Clicking on it will make it bigger, but if for some reason this does not work for you, here is what it says: 301 DUH. Now do you see why I had to take a picture of it?! I used to fantasize that I could afford a vanity plate for the Wee Walnut, and I’d go over all the combinations of LUNARMOM, or URTHALUN, and try to figure out which would be the most fun. Now I think I just want my license plate to say DUH!
Our next order of business is about Tim Gunn. If you do not know who he is, please google around (starting with the link I am including with his name). Then come back. We’ll wait…… All caught up? Okay, so you know I was reading his new book, or rather, I had picked up his new book, with the intention of reading it. That TBR pile was a smidge more ambitious than I had thought, so he needed to go back to the library, and I got on the waiting list anew.
Turned out that was a good thing because he had another book out that I had not read. You all know me well enough now that you see the difficulty. Can’t read the new book until I’ve read everything else, in order. So I read Tim Gunn: A Guide to Quality, Taste & Style. (I know, makes me laugh that I read this as well.) It was good, very informative, and you could really hear his voice in it. Then the new one arrived (again), and I’ve been reading that. It’s even better than his first one. Here’s a sample:
“I can’t imagine a more aesthetically offensive item of footwear than Crocs. That little strap! I shudder.
Plus, they are dangerous. I was at Bloomingdale’s and saw a little girl sobbing because the escalator had eaten her shoe. The charms (yes, there are charms that one can purchase to embellish those dreadful hunks of plastic) get caught on things, too. I’ve yet to see any condition where Crocs look good, including the beach. Why not flip-flops? I know Crocs are affordable. Well, so are Converse and lots of other brands that don’t look like hooves.”
If you do not already love this man as I do, that particular excerpt should sell you. (No really, I adore this guy like you can’t believe.) Now, I must admit, I have a pair of Croc knock-offs that I bought at Value Village or GoodWill or St Vinnie’s (some second hand place here in town that I frequent) for like fifty nine cents. They are so very freaking ugly, he’s right. Mine even more so than the norm.
But they are perfect for going to my pool, so I wear them. Sorry Tim, I do agree with you, but the price was right and my feet already look like they should be on the legs of Miss Piggy, so the shoes aren’t the problem.
Our card du jour is from Colette’s Wisdom of the Hidden Realms oracle deck.

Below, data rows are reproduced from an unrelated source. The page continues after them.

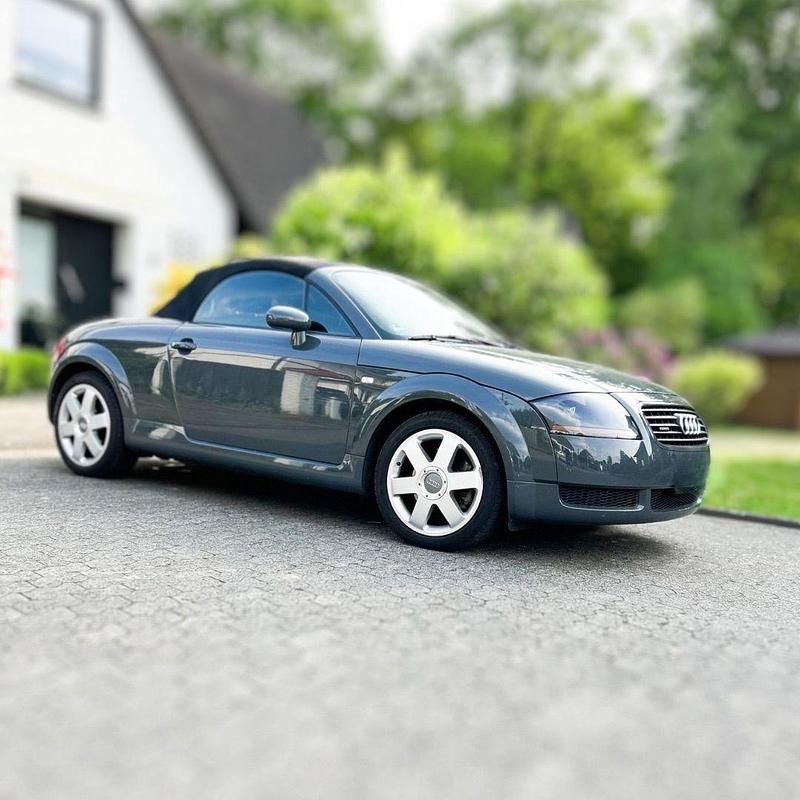 Gebraucht Audi TT Roadster 224 PS (164 kW) 2001 Grau Cabrio
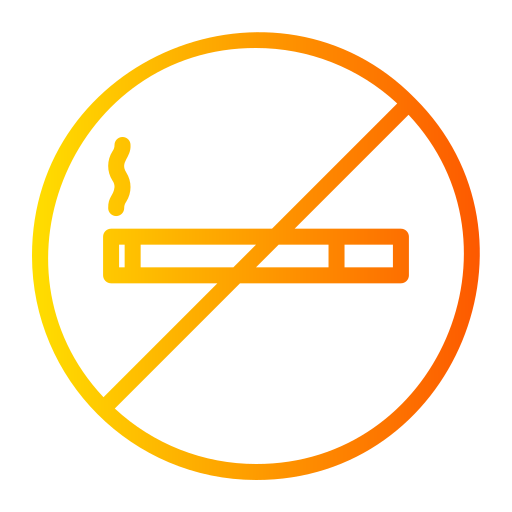 no fumar Generic Gradient icono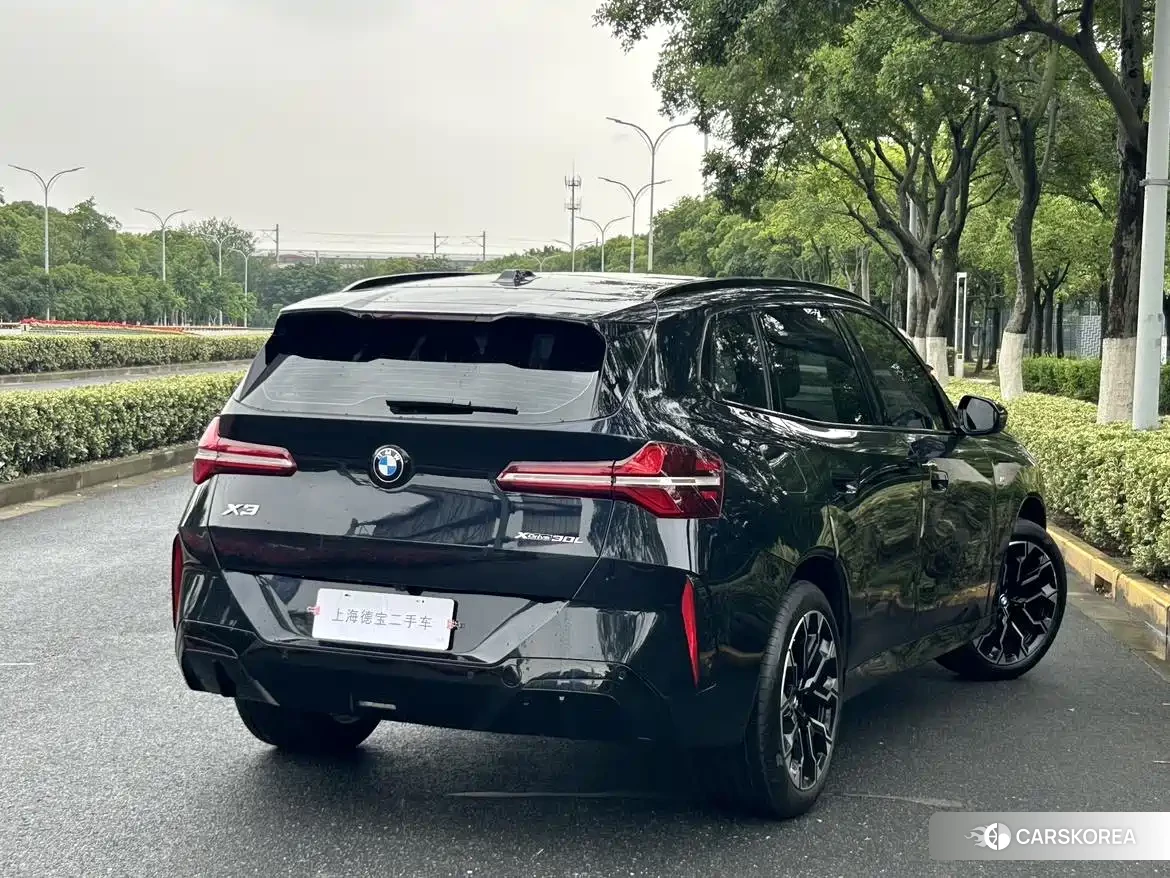 BMW X3 2026 Черный из Китая, фото 3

These illustrations are just phenomenal, and the message ties in nicely with what we have been discussing this week.
”The Sacred Union ~ partnership, romance.
The Sacred Union is all about beautiful, true partnership. It shows you that Spirit is listening and is always by your side, helping you co-create your greatest desires and manifest your destiny. When you receive this Ally, know that you are never alone on your path. Partnership with the Divine is yours whenever you need help.
The Sacred Union also represents the coming together of all kinds of harmonious alliances: friendships, family, business, and of course, romance. No matter what the form, this message pertains to the value of partnership and reminds you to observe the gifts bestowed upon you by this Sacred Union. This is a very positive omen.”